● **Records for this task**
━━━
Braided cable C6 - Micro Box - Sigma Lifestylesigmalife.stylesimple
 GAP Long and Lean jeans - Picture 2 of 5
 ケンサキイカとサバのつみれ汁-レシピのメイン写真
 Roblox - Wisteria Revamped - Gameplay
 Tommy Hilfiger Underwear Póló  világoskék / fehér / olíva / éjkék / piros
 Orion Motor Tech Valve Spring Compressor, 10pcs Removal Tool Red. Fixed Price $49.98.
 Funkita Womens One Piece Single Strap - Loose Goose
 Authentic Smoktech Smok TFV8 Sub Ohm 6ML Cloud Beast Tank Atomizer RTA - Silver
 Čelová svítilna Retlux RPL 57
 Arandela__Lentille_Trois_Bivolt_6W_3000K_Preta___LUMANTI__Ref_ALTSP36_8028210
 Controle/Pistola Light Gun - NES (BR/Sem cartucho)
━━━
Output every line above without altering anything.

● **Task response**
Braided cable C6 - Micro Box - Sigma Lifestylesigmalife.stylesimple
 GAP Long and Lean jeans - Picture 2 of 5
 ケンサキイカとサバのつみれ汁-レシピのメイン写真
 Roblox - Wisteria Revamped - Gameplay
 Tommy Hilfiger Underwear Póló  világoskék / fehér / olíva / éjkék / piros
 Orion Motor Tech Valve Spring Compressor, 10pcs Removal Tool Red. Fixed Price $49.98.
 Funkita Womens One Piece Single Strap - Loose Goose
 Authentic Smoktech Smok TFV8 Sub Ohm 6ML Cloud Beast Tank Atomizer RTA - Silver
 Čelová svítilna Retlux RPL 57
 Arandela__Lentille_Trois_Bivolt_6W_3000K_Preta___LUMANTI__Ref_ALTSP36_8028210
 Controle/Pistola Light Gun - NES (BR/Sem cartucho)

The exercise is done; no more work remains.